Lettre de Liebknecht à la Conférence de Zimmerwald*

Chers camarades,


(..) Les amis de chaque pays tiennent dans leurs mains les espoirs et les perspectives des amis de chaque pays. Surtout vous, socialistes français et allemands, vous êtes la destinée l’un de l’autre. Vous, les amis français, je vous en conjure, ne vous laissez pas ensorceler par la phrase d’union nationale – c’est certain que vous ne donnerez pas dans ce piège-là! – pas plus que par celle non moins dangereuse de l’unité du parti. Chaque protestation, par contre, chaque manifestation de votre opposition à la politique gouvernementale officieuse, chaque profession de foi hardie pour la lutte de classe, pour la solidarité avec nous, pour la volonté prolétarienne de paix, renforce notre combativité, décuple notre force d’agir dans le même sens en Allemagne pour le prolétariat mondial, pour son émancipation économique et politique, pour son affranchissement des chaînes du capitalisme, mais aussi des chaînes du tsarisme, du «kaisérisme», du «junkerisme», du militarisme, du militarisme non moins international; décuple notre force de lutter en Allemagne pour la libération politique et sociale du peuple allemand, contre la puissance et l’expansionnisme des impérialistes allemands, pour une paix prochaine qui rende la liberté et l’indépendance à la Belgique malheureuse, et la France au peuple français.


Frères français, nous connaissons les difficultés particulières de votre situation tragique, nous saignons avec vous comme avec la masse torturée et lapidée de tous les peuples.

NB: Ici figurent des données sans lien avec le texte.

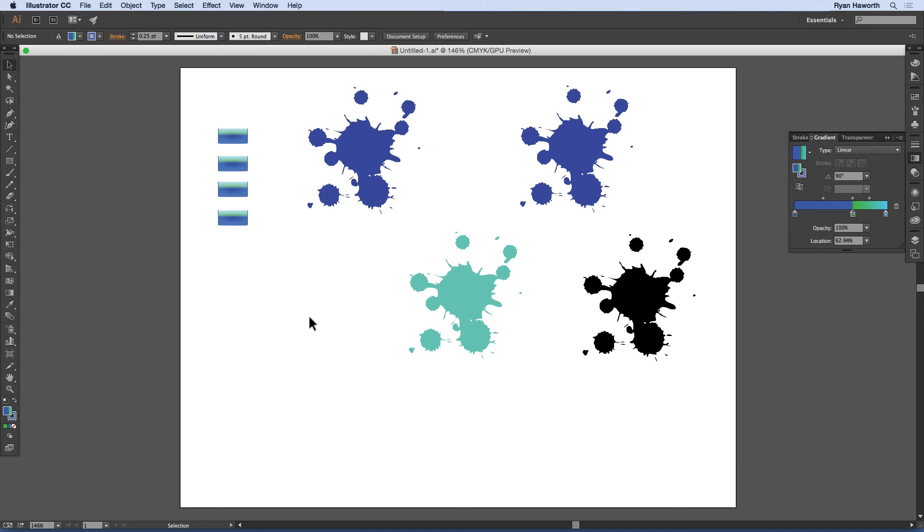Alright so let's stop here and then we'll start the next lesson and we'll discuss how to create symbols.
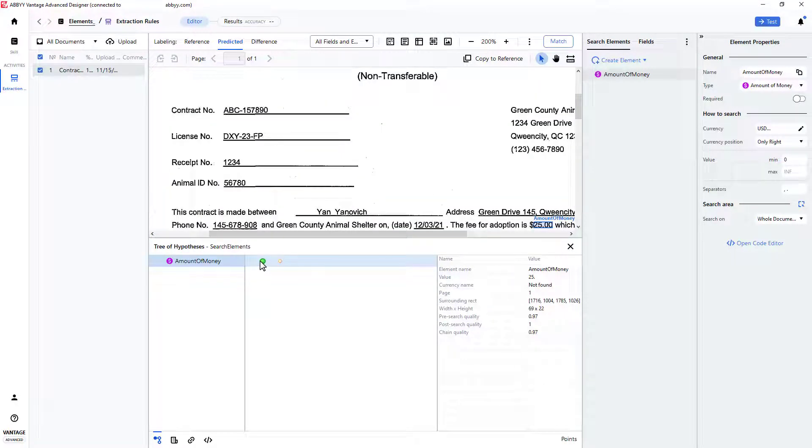If needed, additional search area criteria could be added. Perhaps the nearest to function could be invoked to find the dollar amount nearest to the string, fee for adoption.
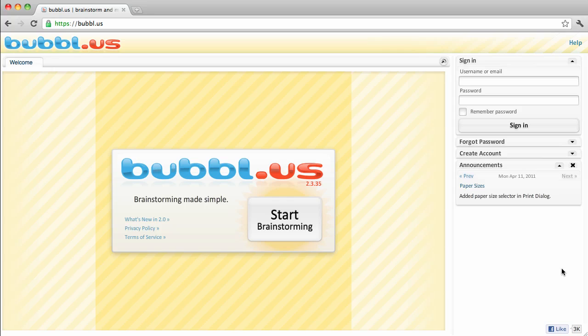A great free online tool for creating mind maps is called Bubbl.us. Bubbl.us allows you to create mind maps that you can save to your online account, share with others, or print out for offline viewing. Let's take a look at how it works.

Votre malheur est le nôtre, nous qui savons que notre douleur est la vôtre. Que notre lutte soit la vôtre, aidez-nous comme nous jurons de vous aider.


La nouvelle Internationale naîtra, peut naître sur les ruines de l’ancienne, sur de nouveaux fondements plus solides. Vous les amis socialistes de tous les pays, vous devez aujourd’hui poser la première pierre de l’édifice de l’avenir. Jugez impitoyablement les faux socialistes! Aiguillonnez impitoyablement les chancelants, les hésitants de tous les pays également… ceux d’Allemagne ! La grandeur du but vous aidera à passer par l’étroitesse et la petitesse du jour, par la misère de ces jours horribles.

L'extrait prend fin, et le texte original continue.